E, como falei, essa é uma das maiores riquezas que o morar longe me deu de presente durante toda a vida. Amigos, amigos, amigos. Muitos. Muito queridos, muito especiais. Gente que, talvez, não teria tido o privilégio e prazer de conhecer tão de perto, se estivesse em meu lugar de conforto. Gente que deixou e deixa marcas de muito amor e cuidado na minha vida, na minha família, no meu lar. Que nos acolhe, que nos ajuda, que nos socorre em muitos momentos. Que ri, que chora com a gente, que chega na nossa casa sem avisar, quando tudo está de pernas pro ar, que senta e come com a gente, que nos conhece sem filtro. Nosso esforço é retribuir tudo isso fazendo o mesmo por eles, tão caros e queridos amigos.

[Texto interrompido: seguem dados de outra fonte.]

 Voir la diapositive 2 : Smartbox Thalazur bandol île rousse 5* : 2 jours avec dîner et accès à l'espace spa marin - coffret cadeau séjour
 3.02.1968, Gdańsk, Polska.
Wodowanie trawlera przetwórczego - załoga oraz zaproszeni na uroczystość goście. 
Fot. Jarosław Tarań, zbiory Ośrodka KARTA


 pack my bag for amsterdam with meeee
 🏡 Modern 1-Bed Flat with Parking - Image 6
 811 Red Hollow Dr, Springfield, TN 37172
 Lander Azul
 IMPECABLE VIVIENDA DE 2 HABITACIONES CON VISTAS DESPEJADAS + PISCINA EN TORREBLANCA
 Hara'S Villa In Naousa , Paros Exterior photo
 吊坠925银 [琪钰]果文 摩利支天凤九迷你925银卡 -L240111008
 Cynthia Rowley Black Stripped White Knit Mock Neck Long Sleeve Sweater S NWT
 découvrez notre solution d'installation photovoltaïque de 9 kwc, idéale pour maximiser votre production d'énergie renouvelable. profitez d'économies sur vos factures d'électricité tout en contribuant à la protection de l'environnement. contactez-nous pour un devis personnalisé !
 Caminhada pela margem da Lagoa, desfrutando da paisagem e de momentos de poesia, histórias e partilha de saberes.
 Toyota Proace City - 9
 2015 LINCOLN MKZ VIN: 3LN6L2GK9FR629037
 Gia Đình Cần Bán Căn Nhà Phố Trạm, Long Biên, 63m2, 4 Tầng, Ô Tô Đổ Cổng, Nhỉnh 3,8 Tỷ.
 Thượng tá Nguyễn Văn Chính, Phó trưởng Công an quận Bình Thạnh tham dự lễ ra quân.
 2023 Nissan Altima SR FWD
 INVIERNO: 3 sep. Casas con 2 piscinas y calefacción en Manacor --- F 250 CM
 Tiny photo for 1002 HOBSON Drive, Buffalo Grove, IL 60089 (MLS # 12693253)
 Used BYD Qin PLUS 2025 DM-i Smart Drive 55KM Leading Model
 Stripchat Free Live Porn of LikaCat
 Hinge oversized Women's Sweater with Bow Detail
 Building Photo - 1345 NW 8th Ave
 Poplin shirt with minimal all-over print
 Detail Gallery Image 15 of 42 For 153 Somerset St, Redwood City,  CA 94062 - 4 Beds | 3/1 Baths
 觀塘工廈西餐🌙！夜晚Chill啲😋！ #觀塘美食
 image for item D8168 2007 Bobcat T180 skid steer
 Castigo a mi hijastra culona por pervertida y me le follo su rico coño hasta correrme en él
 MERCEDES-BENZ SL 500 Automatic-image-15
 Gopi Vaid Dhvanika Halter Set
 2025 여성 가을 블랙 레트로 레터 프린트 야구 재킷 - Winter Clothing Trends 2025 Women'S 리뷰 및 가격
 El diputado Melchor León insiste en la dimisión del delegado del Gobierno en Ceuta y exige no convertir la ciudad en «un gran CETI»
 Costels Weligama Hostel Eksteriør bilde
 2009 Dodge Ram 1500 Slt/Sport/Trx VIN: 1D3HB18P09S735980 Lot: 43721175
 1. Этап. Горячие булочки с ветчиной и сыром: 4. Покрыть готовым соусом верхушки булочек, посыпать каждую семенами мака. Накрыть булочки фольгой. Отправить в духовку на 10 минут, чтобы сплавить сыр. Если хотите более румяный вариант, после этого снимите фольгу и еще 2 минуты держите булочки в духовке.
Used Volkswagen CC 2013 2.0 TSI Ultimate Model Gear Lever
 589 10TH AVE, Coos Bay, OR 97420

E quando se está em outro país, esses amigos podem ser (i) brasileiros, com quem podemos falar nosso idioma e “chorar” sobre as saudades da terrinha que temos em comum, e que naturalmente nos fazem sentir mais “em casa”. E parece que, inconscientemente talvez, arrumamos um meio de ir nos encontrando e agrupando, e por vezes ter aqueles encontros só com eles, os brasileiros, como uma forma de reafirmar nossa identidade pátria. Podem ser (ii) outros estrangeiros, que também estão ali sós, longe dos seus, e vamos nos consolando e apoiando naquilo que temos em comum, dentre tantas outras coisas que vamos descobrindo: somos estrangeiros e estamos longe de casa. E, por fim, (iii) os locais, aqueles que nos recebem de braços abertos em seu país, nos acolhem, e aos poucos, vão nos mostrando toda a riqueza (sempre existe) daquele povo do qual passamos a fazer parte, nos fazendo conhecer sua cultura, seus hábitos, suas grandes virtudes e seus maiores defeitos. E, com eles, vamos “virando” um pouco do que eles são.
Saiu recentemente um texto da nossa querida colunista no México, Roberta Mellis, Mudar de país traz saudades, e anjos, que é maravilhoso e muito verdadeiro, e tem muito a ver com a percepção que externo aqui. Por isso gostaria de destacar uma frase que gostei muito: “Então, a cada país, minha família aumenta, tenho mais gente para sentir saudade, para lembrar durante o dia, para enviar mensagens, para visitar. Tenho mais fadas e anjos para agradecer e muita gente nova e boa para amar.”
É exatamente este o sentimento. Mais gente boa, mais gente querida. E nosso coração vai crescendo e arrumando espaço pra todos eles. E nossa vida e nós mesmos vamos ficando muito mais ricos, de gente, de histórias, de trocas, de exemplos, de pessoas que nos inspiram. E vamos ganhando um pouco de cada um, e deixando um pouco de nós[1]. Riqueza que dinheiro não compra, e eu, creio que você também, tão pouco a venderia! Até a próxima.
[1]Saint-Exupéry, Antoine de. O pequeno príncipe. “[…] Cada um que passa em nossa vida passa sozinho, mas não vai só, nem nos deixa sós. Leva um pouco de nós mesmos, deixa um pouco de si mesmo.”